Fortunately, I keep my feathers numbered for just such an emergency!
Naturally, in a film as rife with emotion as director James Mangold's Walk the Line someone's bound to have some sort of facial reaction. From the early childhood days with his loving brother, and anything-but-loving father (Robert Patrick's Ray Cash) to the days of his first marriage (to Ginnifer Goodwin's Vivian Cash) and his struggling musical career to his massive success and pursuit of the lovely June Carter (Reese Witherspoon), Walk the Line covers John "JR" Cash's life in a way that goes a step beyond the average biopic.
It also pulls few punches in its depiction of its subject as not quite the shining hero of the story that fans of the Man in Black might want to think of him as. The drugs, the extramarital sex, the drinking, swearing, debauchery... it'll take about seven hundred listenings to Cash's version of "Bridge Over Troubled Water" to remind one of his ultra-Christian faith after some of these moments. However, none of this is a vicious indictment of Cash, the man, seeing as how Mangold's screenplay (with Gill Dennis) is culled from two Autobiographies by Johnny himself: The Man in Black and Cash: An Autobiography (the latter penned with Patrick Carr). It can be gritty, nasty, violent, mean, ugly and occasionally touching too. It's not an easy, one-note movie, mostly because Johnny Cash wasn't an easy, one-note man either.

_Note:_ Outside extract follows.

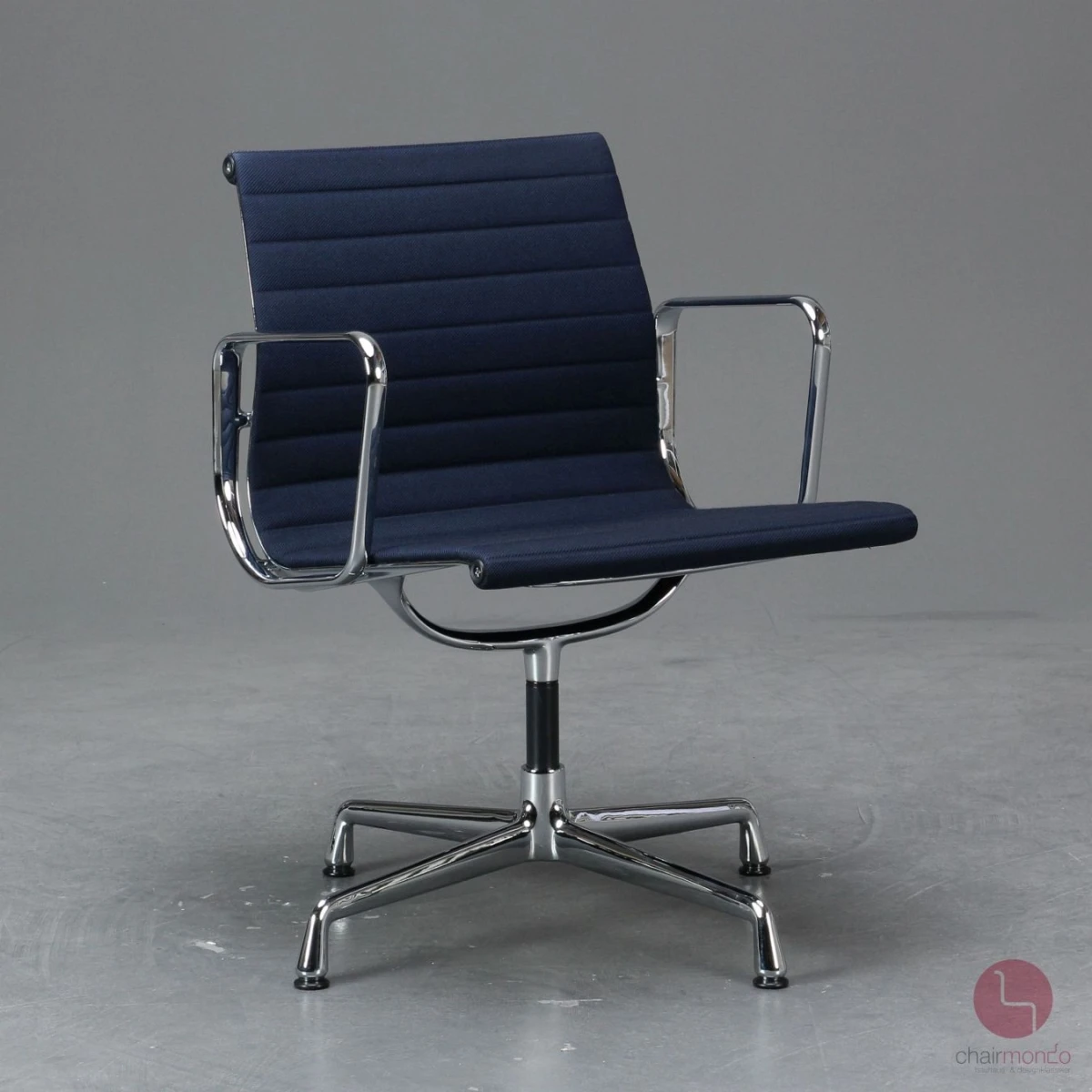 Vitra EA 108 Alu Chair mit blauem Track Stoff verchromt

Primarily, though, Walk the Line is a showcase for the considerable acting skills of Joaquin Phoenix and Reese Witherspoon. Johnny and June light up every stage they're on and Joaquin and Reese light up the screen in turn. The comedy and joy seen in front of the crowd (even when Johnny's singing one of his more "dark" numbers) is balanced only by the uncomfortable drama off stage. This is no joyless and depressing biography either. While there is no question that Walk The Line can be bleak and sad, there is a lot of hope and triumph here, culminating in Cash's now-legendary concert At Folsom Prison!
I say that this is primarily a showcase for the acting found here, mainly because the script, while overall pretty solid, wanes in a few critical areas. For example, not much attention is paid to June and Johnny's Christian faith, which is noteworthy only because it was stated by both of them that this was a major part of this story. While Mangold never ignores this at all, it's clear that these parts of the story are cafeteria-chosen and outshined to appeal to a broader audience (Johnny Cash's line about his motivation behind the Folsom show is a noteworthy exception). Further, there is a lot of sentimentality and gloss here, skipping over entire lakes of time to focus only on the "cool" things (be they positive or negative). This leads to a moment or two of incoherence (brief though they are). Finally, when all is said and done, this is a very, very good film, and in that respect its hard not to want quite a bit more once the credits roll. To twist that into a positive, it sure does make one want to read about and listen to Johnny Cash to a greater extent to fill in any blanks we might need filled. Since the movie premiered there has been a large Cash advance online. Although Johnny Cash has been a popular musician for decades, Cash has continued to advance in popularity with the younger generations that had not grown up in the forefront of his uprising. The movie sees into his life, his real problems, successes, accomplishments and demons that people, young and old, feel compassion to.
It goes without saying that another great focus in this film is (thankfully), the Music. Cash has always been that man who bridged the gap between Rock and Country, appealing to the Punk movement, the Country kids, the Rockers, and all kinds of others out there. Johnny Cash sounds incredible here, and entire songs are left intact for the listening pleasure of the audience. What makes this all the more notable, however, is that Phoenix and Witherspoon do not merely lip sync to the recordings of the singers they are playing. This is really Phoenix's voice! This is really Witherspoon's voice! There are subtle differences, but the key word here is "SUBTLE"! Fox spent the money to have T-Bone Burnett coach these two in their singing impressions of Cash and Carter, but the fact that both were talented enough to pull this huge task off shows that the real Johnny Cash and the real June Carter-Cash had the right idea when they hand-picked the actors who would play them. Fans of the music of this era (this focuses primarily on the Sun Records days of 1955 to 1958) might be pleased to (and hear) Elvis Presley (Tyler Hilton), Jerry Lee Lewis (Waylon Payne), Roy Orbison (Johnathan Rice) record producer Sam Phillips (Dallas Roberts) and Waylon Jennings (played by his son Shooter Jennings).
Four Stars out of Five for the somewhat flawed, but excellently acted, great-sounding and well done Walk The Line! It should be a treat for fans of Cash (and I am one), and it should be enticing for those who simply want to see a good film with great acting therein. But don't take it from me... let's see what your uncle Oscar has to say about it. Me? I'll be dressed in black with my Raybans on, my sunburst hummingbird acoustic guitar in my lap, and a sneer on my upper lip. Thanks for your time, kids, I'll see you in the next reel! I want you to always be good boys and girls, don't ever play with guns!